L’expérience de l’Esprit-Saint selon le Père Marie-Eugène 1/2

1) Introduction

La finalité ultime est de mieux comprendre l’identité de l’Esprit-Saint, de contempler amoureusement qui est l’Esprit-Saint dans sa vie trinitaire, donc dans l’économie. Or, est saint non pas celui dont la vie est héroïque, mais, avant toutes choses, celui qui se laisse conduire habituellement, constamment, par l’Esprit de Dieu (cf. Rm 8,14). Donc, l’un des chemins privilégiés pour mieux comprendre qui est l’Esprit-Saint est la vie des Saints (ou assimilés).
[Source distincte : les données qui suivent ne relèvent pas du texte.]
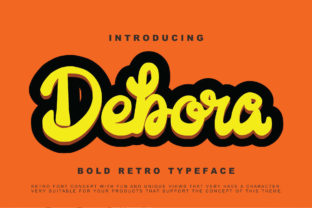Debora: A Bold and Chunky Handwritten Font for Creative Branding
Or, le bienheureux Marie-Eugène de l’Enfant-Jésus a fait une expérience profonde, continuelle, de l’Esprit-Saint, pendant des dizaines d’années. C’est peut-être même là que réside le plus original de sa spiritualité. Lui-même l’a dit ; il s’est, rarement, mais assez clairement, confié sur ce sujet. Ainsi, dans son testament spirituel du 21 février 1965, se croyant arrivé au terme de sa vie, alors qu’il a encore deux ans à vivre, il confie : « Tout le monde a remarqué probablement que quand je parle de l’Esprit-Saint, ordinairement je m’enflamme assez facilement […]. Je l’appelle ‘Mon Ami’, et je crois que j’ai des raisons pour cela. Toute ma vie a été un petit peu basée là-dessus : sur la connaissance, sur la découverte de l’Esprit-Saint [1] ». Au terme de sa vie, sa dernière parole audible sera : « Je m’en vais vers l’étreinte de l’Esprit-Saint [2] ». La prieure de Lisieux témoignera le 15 août 1967 : « Sa grande personnalité paraissait tellement mue par l’Esprit ! Audace et prudence, fougue et patience, magnanimité et humilité, dureté et douceur, toutes ces antinomies apparemment inconciliables se fondaient en l’homme de Dieu dans une harmonie supérieure qui était résonance de la Voix divine, docilité du Seigneur [3] ».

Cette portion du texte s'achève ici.